On fait pareil pour la partie UDP et on peut alors envoyer le paquet :

sendto(sd, &op4, packetsize, 0, result->ai_addr,
               result->ai_addrlen);

Le programme complet qui met en œuvre cette technique s'utilise ainsi :

# ./send-udp -v --port 5354 192.168.2.1 
Connecting to 192.168.2.1...
Sending 42 bytes (28 for the headers)...

et, vu avec tcpdump, cela donne bien le résultat attendu :

13:55:12.241391 IP (tos 0x0, ttl 1, id 44977, offset 0, flags [none], \
     proto UDP (17), length 42) 192.168.2.2.5354 > 192.168.2.1.5354: \
     [no cksum] UDP, length 14

L'adresse source a été mise seule mais le programme a une option pour la forcer :

# ./send-udp -v --port 5354 --source 192.0.2.1 192.168.2.1 
Connecting to 192.168.2.1...
Sending 42 bytes (28 for the headers)...

qui donne :

13:55:24.815620 IP (tos 0x0, ttl 23, id 45015, offset 0, flags [none], \
     proto UDP (17), length 42) 192.0.2.1.5354 > 192.168.2.1.5354: \
     [no cksum] UDP, length 14

Il existe quelques pièges, par exemple le fait que la somme de contrôle de l'en-tête IP (cf. RFC 791) n'est pas forcément remplie automatiquement (ça dépend du noyau utilisé) et qu'il peut donc être nécessaire de la calculer soi-même. Je l'ai dit, avec les prises brutes, il faut penser à tout.

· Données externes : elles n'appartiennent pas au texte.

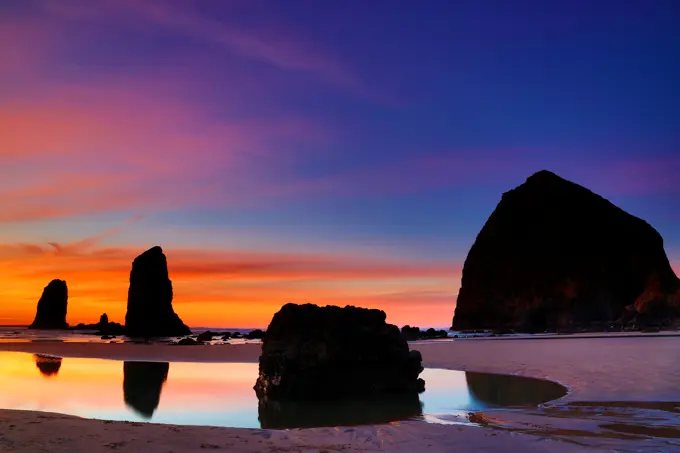 USA, Oregon, Cannon Beach, View of sunset afterglow over Haystack Rock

OK, ça, c'était pour IPv4. Et en IPv6 ? Eh bien, c'est plus compliqué. Pour des raisons exposées dans la section 1 du RFC 3542, l'option IP_HDRINCL n'est pas garantie en IPv6. La démarche « normale » est d'utiliser les techniques dudit RFC, à base de setsockopt et de renoncer aux prises brutes (attention, le RFC utilise, en sa section 3, le terme de raw sockets quand même, pour désigner les prises où un appel à setsockopt a permis de modifier certains champs). (La section 5 du RFC 3542 propose une autre approche dite d'ancillary data.)

Si on veut quand même faire de la prise brute en IPv6, il n'y a que des solutions non portables. On peut se servir du BPF (où on peut modifier tout ce qui est au dessus de la couche 2, option PF_PACKET de socket(), cf. packet(7)) ou bien utiliser les prises brutes comme en IPv4, sur les systèmes où ça marche, typiquement Linux.

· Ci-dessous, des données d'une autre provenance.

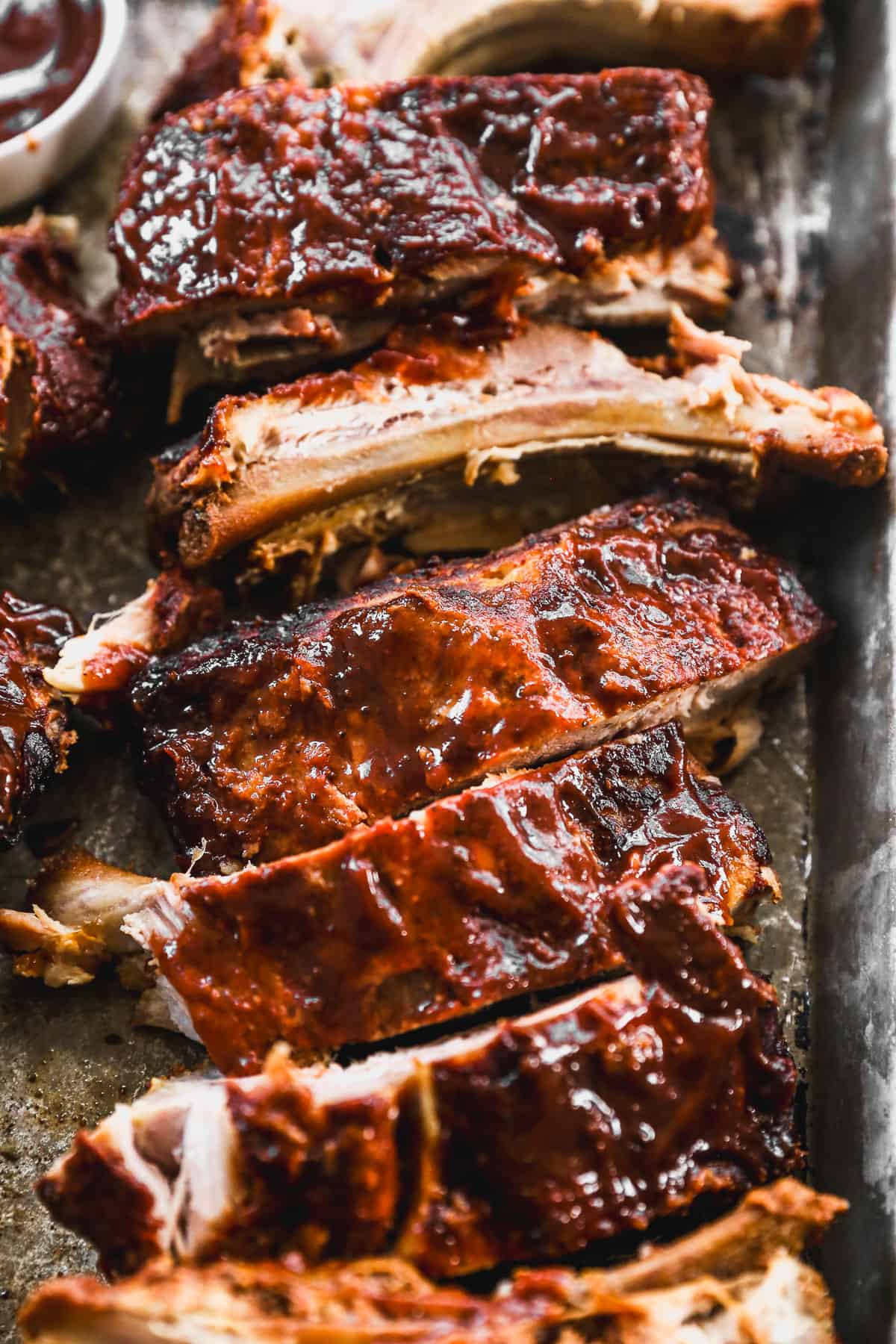 A close up image of the Best Slow Cooker Ribs on a baking sheet, smothered in homemade BBQ sauce.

(Mathieu Peresse me fait remarquer que, sur Linux, « après examen du code du noyau, pour IPv4, créer une RAW socket IPv4 avec IPPROTO_RAW comme protocole équivaut exactement à créer une socket RAW IPv4 et mettre l'option IP_HDRINCL à 1 (la fonctionnalité d'inclure le header est en fait activée en mettant le membre "hdrincl" de la structure "inet_sock" à 1)... ».)

Sur FreeBSD et NetBSD, IP_HDRINCL ne marche tout simplement pas (cf. http://lists.freebsd.org/pipermail/freebsd-pf/2006-May/002174.html).

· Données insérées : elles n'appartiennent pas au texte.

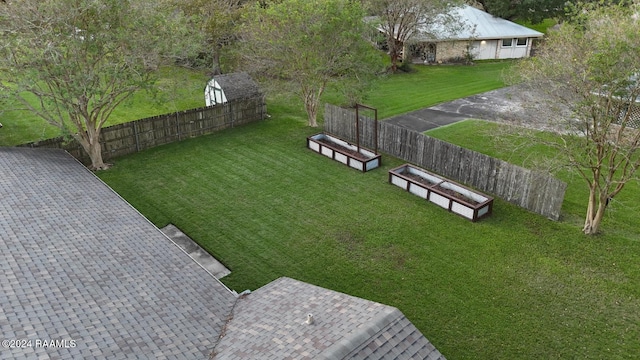 exterior space with a yard and a shed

Le programme indiqué plus haut marche donc également en IPv6 mais sur Linux uniquement. La prise est créée avec exactement les mêmes options qu'en v4, la configuration en vraie prise brute est légèrement différente, on n'utilise pas IP_HDRINCL, juste le type IPPROTO_RAW. Et les structures de données sont proches :

struct opacket6 {
    struct ip6_hdr  ip;
    struct udphdr   udp;
    char            payload[MSGSIZE];
} __attribute__ ((packed));
struct opacket6 op6;

sauf que cette fois, il faut lire le RFC 2460 en les remplissant (des champs comme Protocol ou TTL n'ont pas le même nom, car leur sémantique est légèrement différente) :

memset(&op6.ip, '\0', sizeof(op6.ip));
op6.ip.ip6_vfc = 6 << 4; /* Les quatre premiers bits stockent la
                                  version, ici 6 */
op6.ip.ip6_dst = sockaddr6->sin6_addr;
op6.ip.ip6_nxt = SOL_UDP;
op6.ip.ip6_hlim = TTL;
headersize = sizeof(op6.ip) + sizeof(op6.udp);
packetsize = headersize + strlen(message);
op6.ip.ip6_plen = htons((uint16_t) packetsize);

Par défaut, si la machine visée a des adresses v4 et v6, il utilise la politique de préférence du système (celle qui, sur Linux, se règle dans /etc/gai.conf) , mais on peut la forcer avec les options -4 et -6. tcpdump voit :

14:07:52.030339 ::.5354 > 2a01:e35:8bd9:8bb0:a00:20ff:fe99:faf4.5354: \
               UDP, length: 14 (len 62, hlim 1)

On note que l'adresse source n'a pas été mise automatiquement, en IPv6. Elle reste donc à zéro (::, qui veut dire « adresse indéfinie »). Si on la force :

14:08:29.745203 2001:db8::1.5354 > 2a01:e35:8bd9:8bb0:a00:20ff:fe99:faf4.5354: \
              UDP, length: 14 (len 62, hlim 1)

Merci à Mathieu Peresse et à Yves Legrand-Gérard pour leur aide. Outre le RFC, on peut aussi trouver une bonne explication en français de l'API dans le livre de Gisèle Cizault.